お七は吉三郎の寝室に忍び込むことに成功し、ようやく二人は結ばれるのでした。




『好色五人女』巻四「恋草からげし八百屋物語」[貞享三(1686)年刊、井原西鶴作]
好色五人女 5巻 [4] - 国立国会図書館デジタルコレクション
【原文】【現代語訳】
「恨めしや、今寐《いまね》温《ぬく》もる間《ま》も無く、飽かぬハ別《わか》れ、世界《せかい》は廣《ひろ》し、昼《ひる》を夜《よる》の國もがな」
「恨めしいですわ、今寝たばかりで、温まってもいないのに、名残惜しくも別れなければならないなんて。

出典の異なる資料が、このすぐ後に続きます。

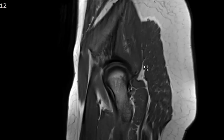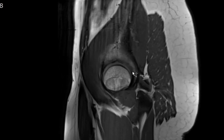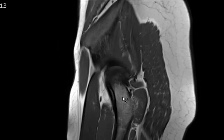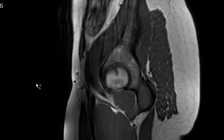I turn to the sagittal T1-weighted images to assess the marrow and muscular bulk, making sure there's no fatty atrophy. The iliopsoas muscle is seen anteriorly and the gluteal muscles posteriorly. Everything looks pretty good.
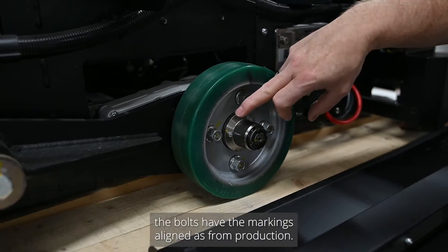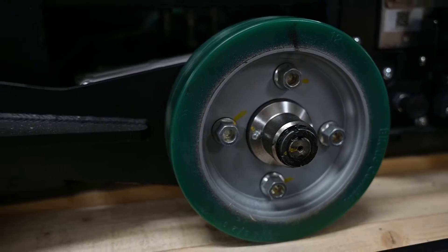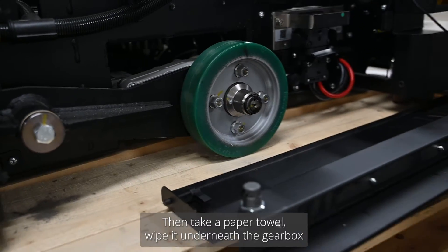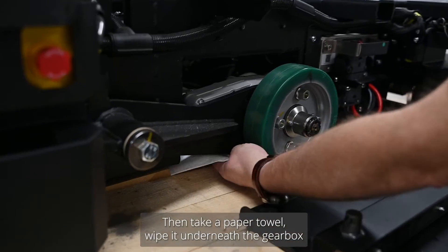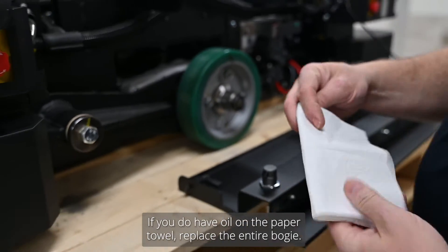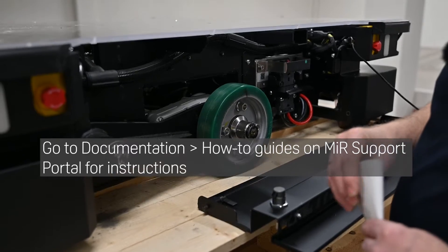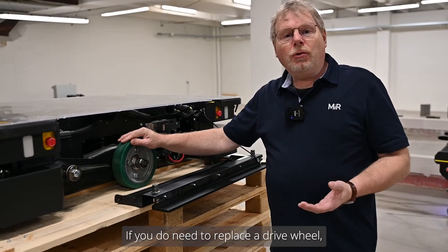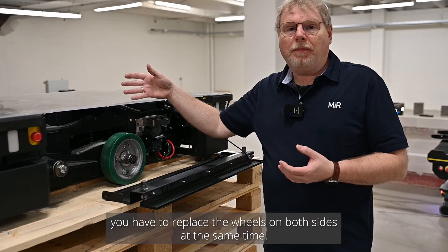Check that the bolts have the markings aligned as from production. While you are at it, take a paper towel and wipe it underneath the gearbox on both sides to ensure there are no oil leaks. If you do have oil on the paper towel, replace the entire bogie. If you do need to replace a drive wheel, you have to replace both sides at the same time.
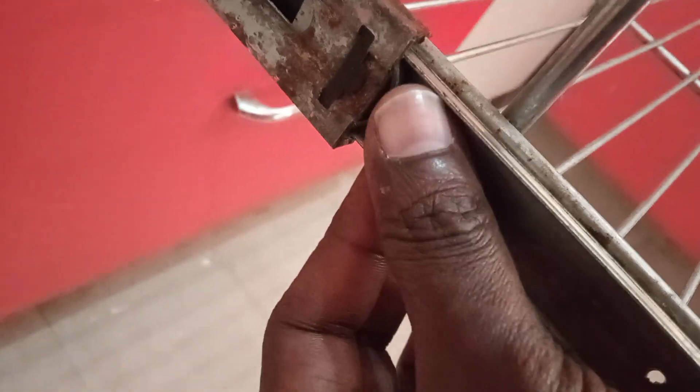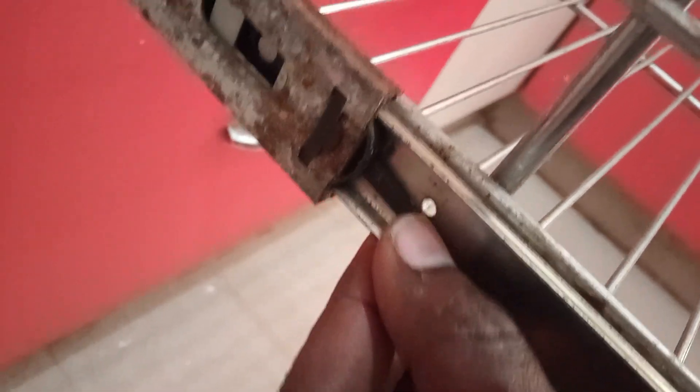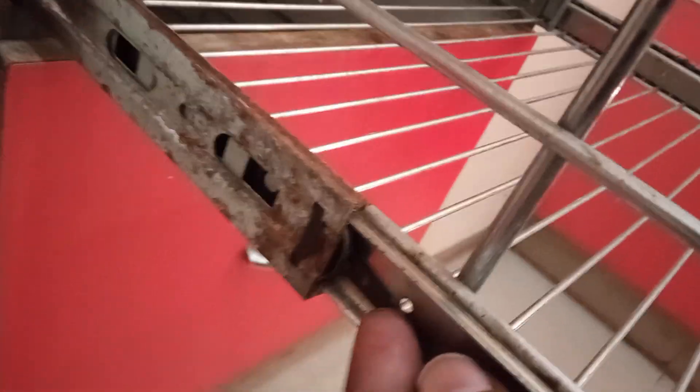So at the same moment, whichever knob is facing down, we have to move it up. And the other one, which is already at the top, we have to move it down like this. Now you can see it clearly here — it was previously in the up position, so I moved it down, and it came out.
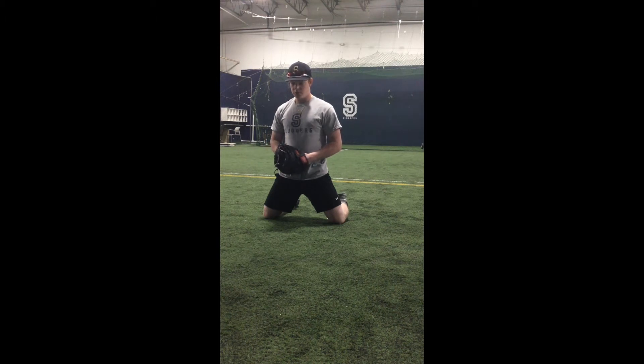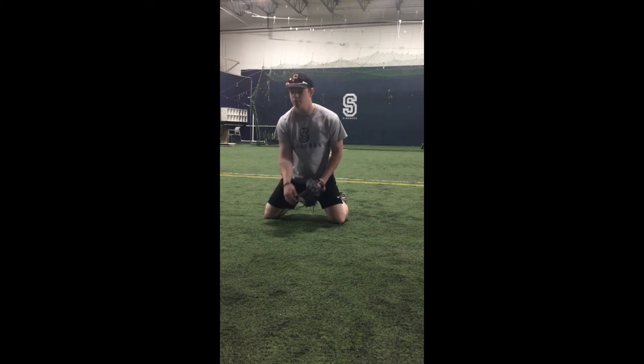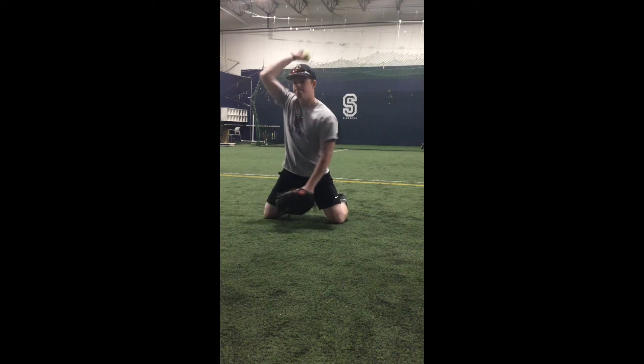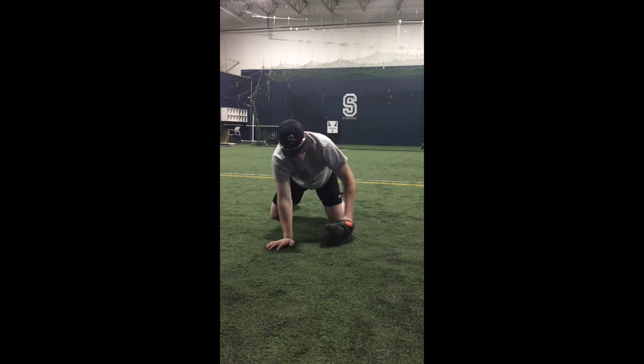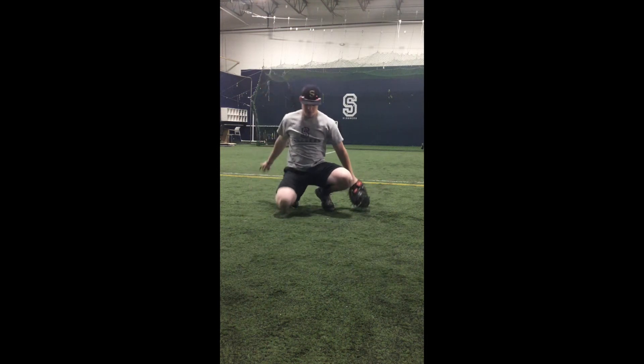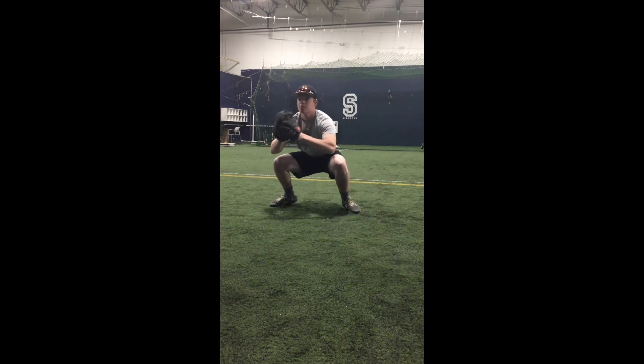Starting from his knees, using a tennis ball, Ben is working on blocks in different positions, progressing up to his feet.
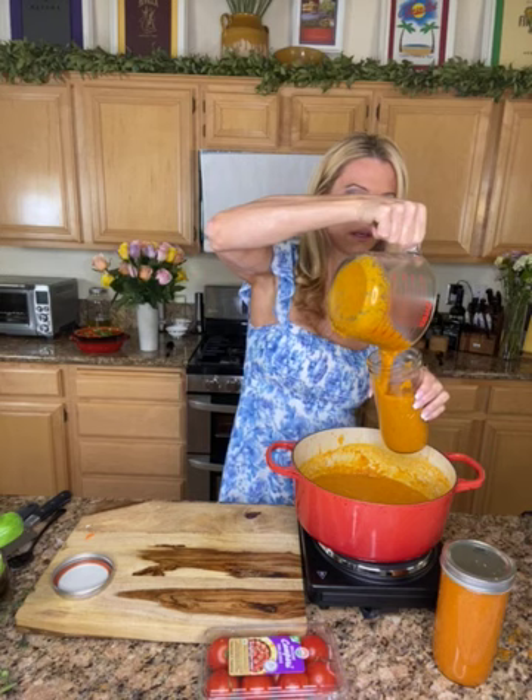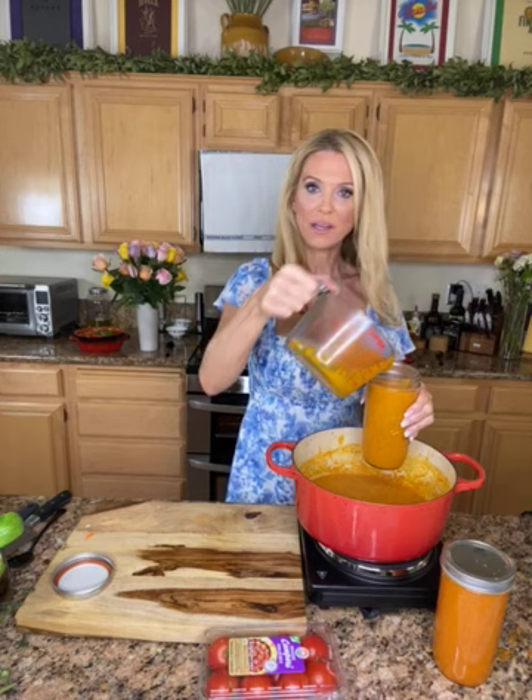Now we're going to can it. The jars are clean — they don't have to be hot because you're not putting them in hot water. Fill each jar almost to the top, leaving about a quarter inch of space. One recipe makes about 24 ounces, roughly three cups. Seal the top, turn it upside down, and leave it on the counter for 24 hours — and there you have it: mama's tomato sauce. And a little bit of a mess on me.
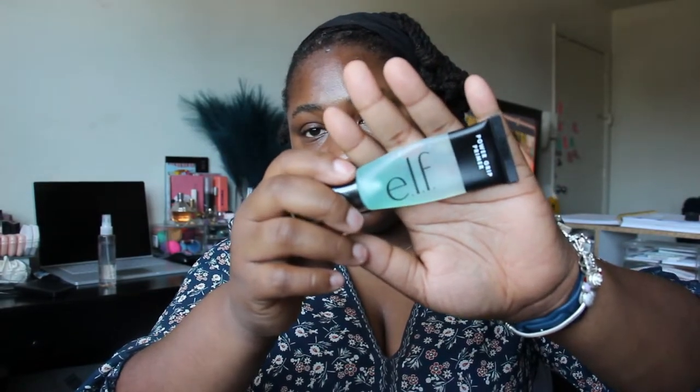Let us get started. I'm using the elf Power Grip Primer — I am loving the hell out of this. It reminds me of the Milk Hydro Grip, I didn't say they were the same but it does remind me of it. I feel like this one is a lot more tacky, that doesn't mean it's better but it's definitely more tacky. The only thing I don't necessarily like about it is that it moves my sunscreen around, but the more I used it I came to the conclusion that that's what was going on and I think it's okay because I still have sunscreen on.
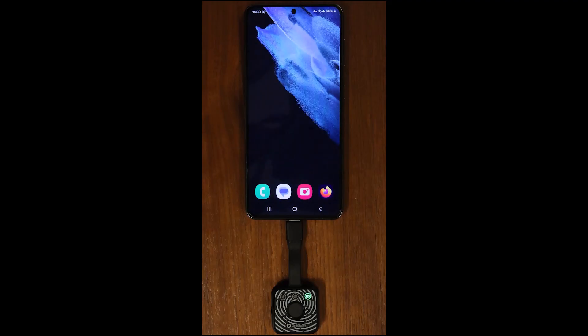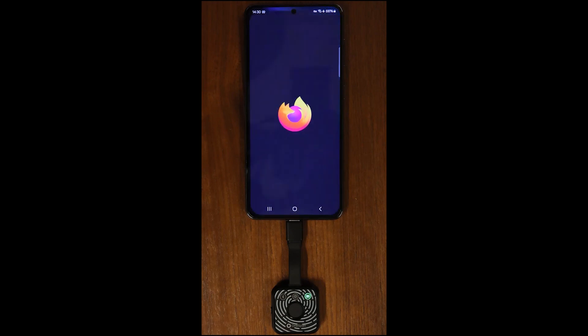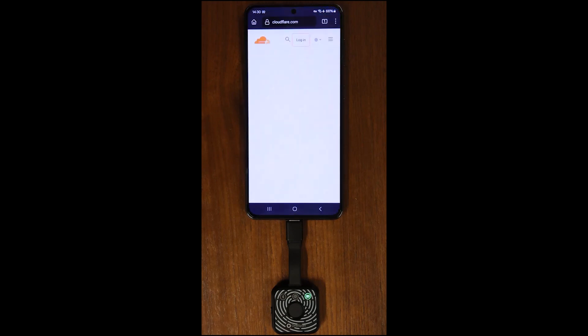Plug in DigiPass FX1 Bio to a USB port on your Android phone. Open a web browser and connect to Cloudflare. Tap Login. Enter your credentials and tap Login.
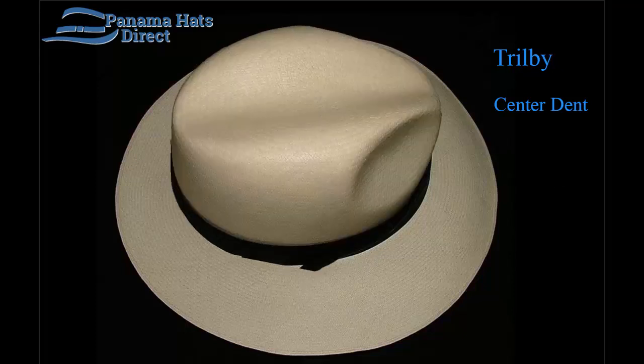The Trilby model has a very similar crown height on the front point as it does on the back, giving it an extremely level side profile. In the front it's 4 inches and 4 inches on the back.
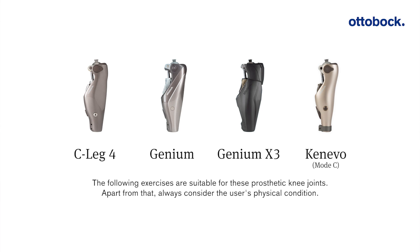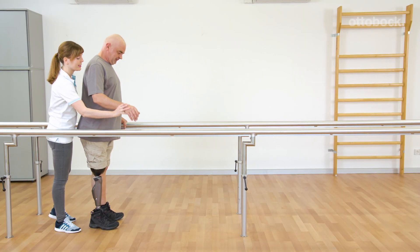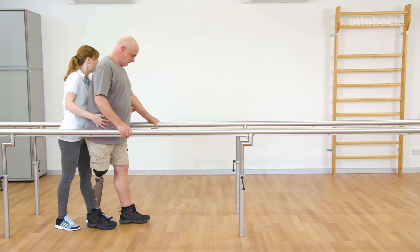The following exercises are suitable for these prosthetic knee joints. Apart from that, always consider the user's physical condition. Franziska and Gerhard show how to reduce the use of walking aids until Gerhard is able to walk unassisted.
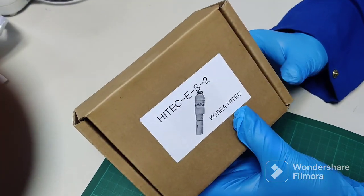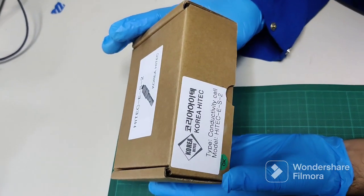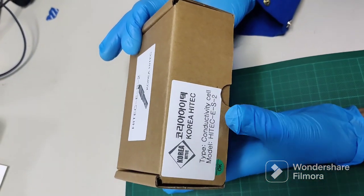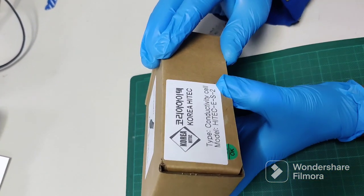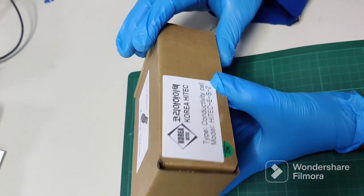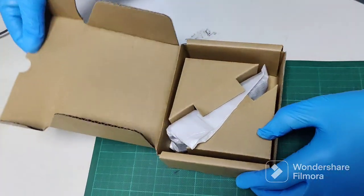This is the KoryMate Hi-Tik. Now I will show you our unboxing of the KoryMate Hi-Tik. This is a conductivity sensor to find the conductivity of the water. So we will put it in our unboxing.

世界は広いんだから、昼を夜にする国があればいいのに」
と俄《にハか》に願ひとても、叶《かな》はぬ心を悩ませしに、母《はゝ》の親《をや》、「是《これ》ハ」と尋ね来て、引つ立て行《ゆ》かれし。
と、お七は咄嗟《とっさ》に願ってみたものの、叶うわけはないので、心を悩ませていると、お七の母親が探しに来て、「あらまあ」と、お七を引っ立てて行きました。
思へば昔男《むかしおとこ》の鬼一口《おにひとくち》の雨《あめ》の夜《よ》の心地して、吉三郎 呆《あき》れ果《は》てて悲しかりき。
吉三郎は、まるで、昔男(在原業平)が、雨夜に連れ出した女を、鬼に一口で食べられた時のような気持ちになり[『伊勢物語』より]、悲しさのあまり呆然とするのでした。
新発意《しんぼち》は宵《よひ》の事を忘れず、
「今《いま》の三色《みいろ》の物を賜《たま》ハらずバ、今夜《こんや》の有様告げん」
と言ふ。
新発意(小坊主)は夜の事を忘れておらず、
「さきほど約束した三品をいただけなかったら、今夜の出来事を長老様(住職)に言い付けます」
と言いました。
母親《はゝをや》立《た》ち帰《かへ》りて、
「何事か知らね共、お七が約束《やくそく》せし物ハ、我《われ》が請《う》けに立つ」
と、言ひ捨《す》て帰《かへ》られし。
お七の母親は引き返して、
「なんのことか分からないけれど、お七が約束した物は、私が責任持って渡すから」
と、言い捨てて帰りました。
悪戯《いたづら》なる娘《むすめ》持ちたる母なれバ、大方《おほかた》なる事ハ、聞《き》かでも合点《がてん》して、お七よりハ猶《なを》心を付けて、明《あ》けの日早く、其の玩《もてあそ》びの品/゛\。調《とゝのへ》て贈り給ひけるとや。
ふしだらな娘を持った母親なので、たいていの事は、皆まで聞かなくても分かります。
お七の母親は、明けた日に早々と、そのおもちゃなどの品々を、お七が約束したより気を使って多く用意し、新発意に贈られたとのことです。
【解説】
お七の母親の行動を見ると、お七さん、たぶん、こういうこと、常習犯っぽいですよね。
とにかく、新発意(小坊主)は、約束した物をもらえて、良かった良かったw
ここで、この章は終わり、次章「雪の夜の情宿」に続きます。
左ページに挿絵があるのですが、次の章の内容がフライングで載っているので、該当箇所の時に、改めてこの挿絵は取り上げます。